Dataset items:
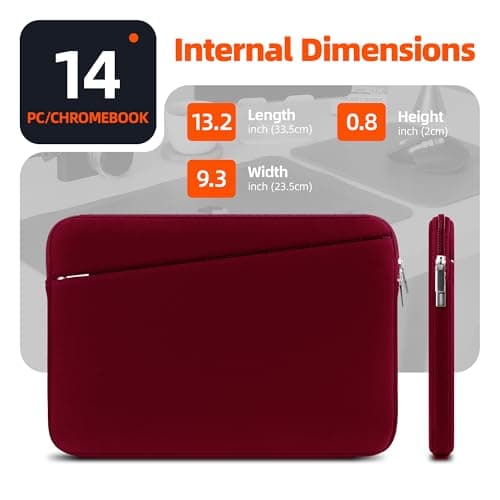 BAAGOAZ 14 Inch Laptop Sleeve with Hidden Front Pocket, Red — view 4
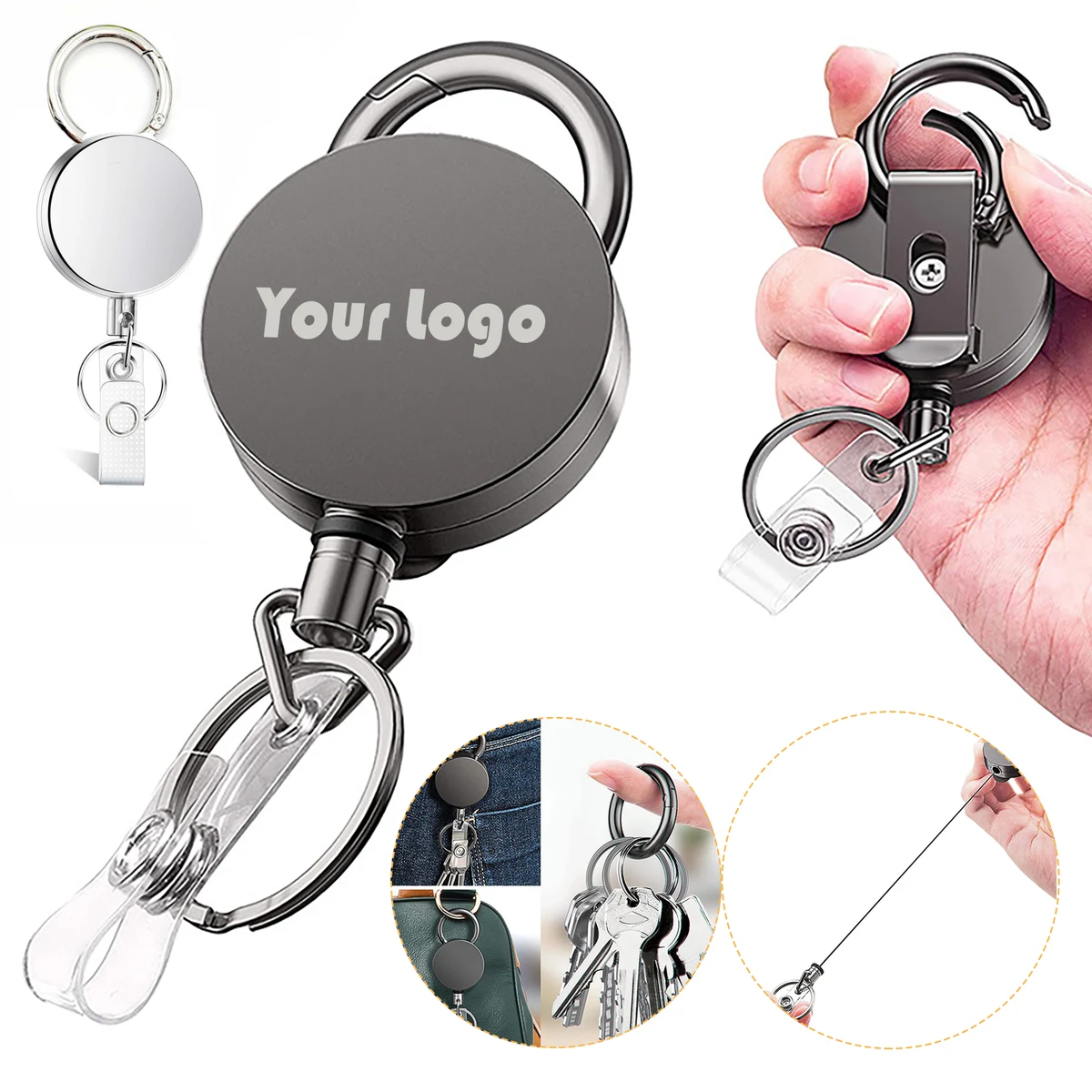 Retractable Keyring Metal Wire Keychain 1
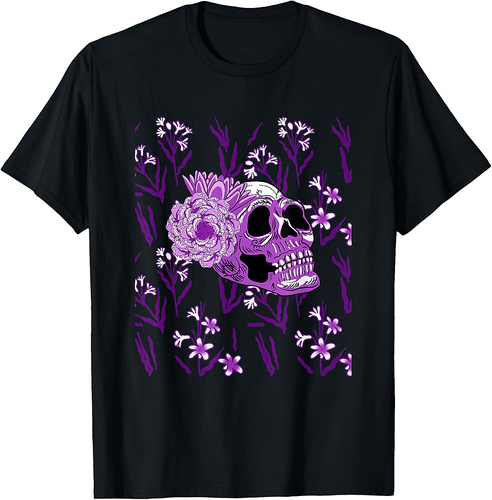 Purple Skull Flower Cool Floral Scary Halloween Gothic Theme T-Shirt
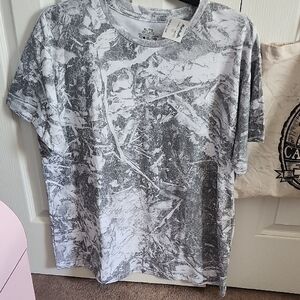 Gray and White Camp  Graphic T-Shirt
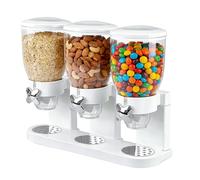 LUPATDY Set di 3 Pezzi Dispenser Cereali 2L, Contenitore da Cucina con Coperchio, Doppio Contenitore per Cereali, Chicchi di Caffè, Alimenti Secchi, Caramelle, Riso - Bianco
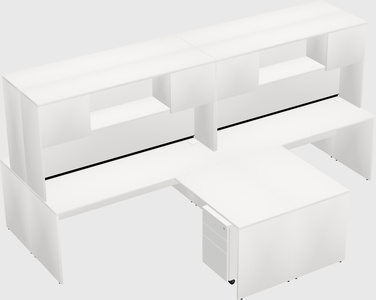 Quad l-shaped office desks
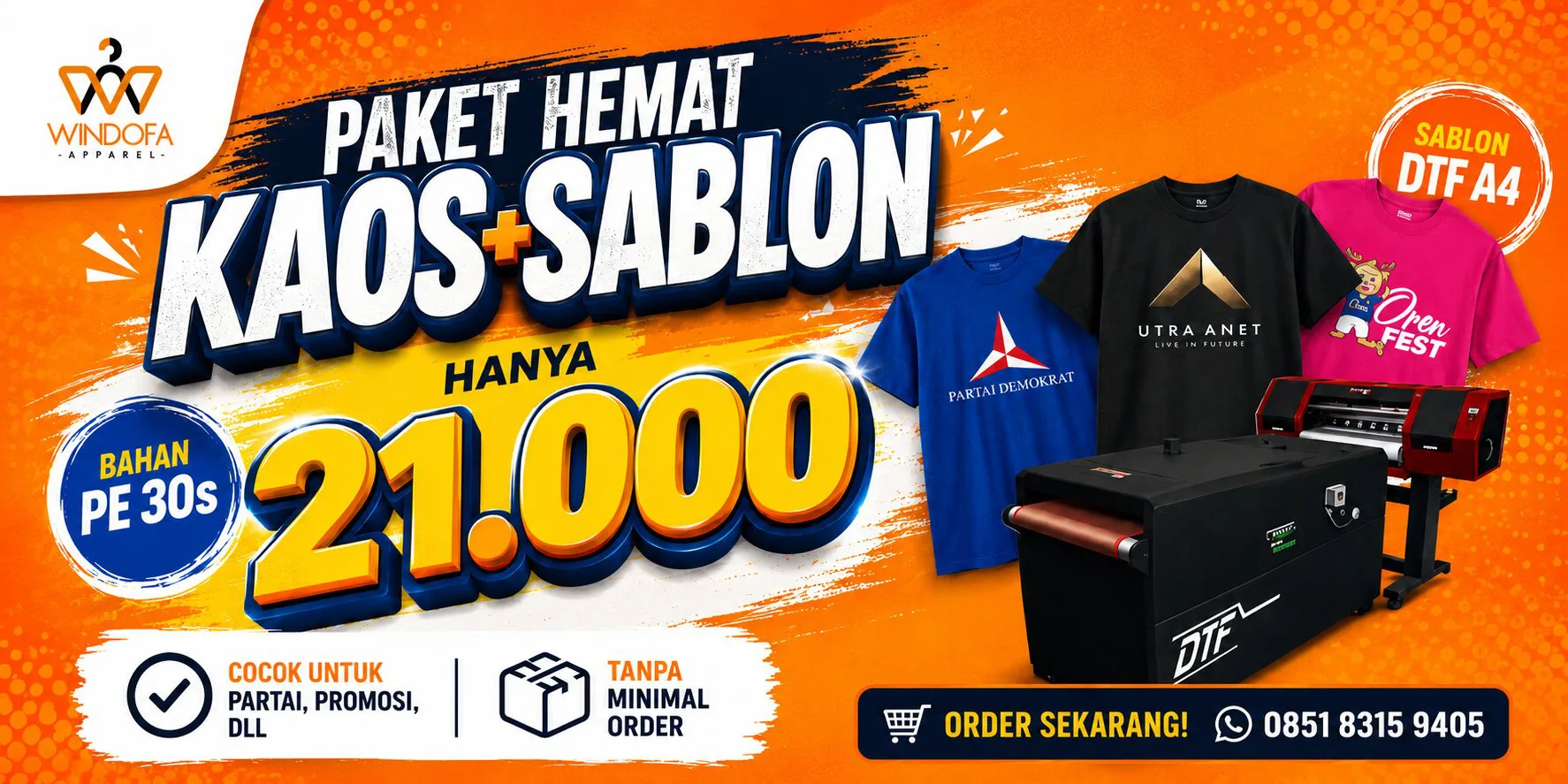 Paket Lengkap Kaos PE 30s dan Sablon DTF A4 Custom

### BRIEF
Please output all of the data exactly as given, omitting any images it holds.

### WRITTEN RESPONSE
 BAAGOAZ 14 Inch Laptop Sleeve with Hidden Front Pocket, Red — view 4
 Retractable Keyring Metal Wire Keychain 1
 Purple Skull Flower Cool Floral Scary Halloween Gothic Theme T-Shirt
 Gray and White Camp  Graphic T-Shirt
 LUPATDY Set di 3 Pezzi Dispenser Cereali 2L, Contenitore da Cucina con Coperchio, Doppio Contenitore per Cereali, Chicchi di Caffè, Alimenti Secchi, Caramelle, Riso - Bianco
 Quad l-shaped office desks
 Paket Lengkap Kaos PE 30s dan Sablon DTF A4 Custom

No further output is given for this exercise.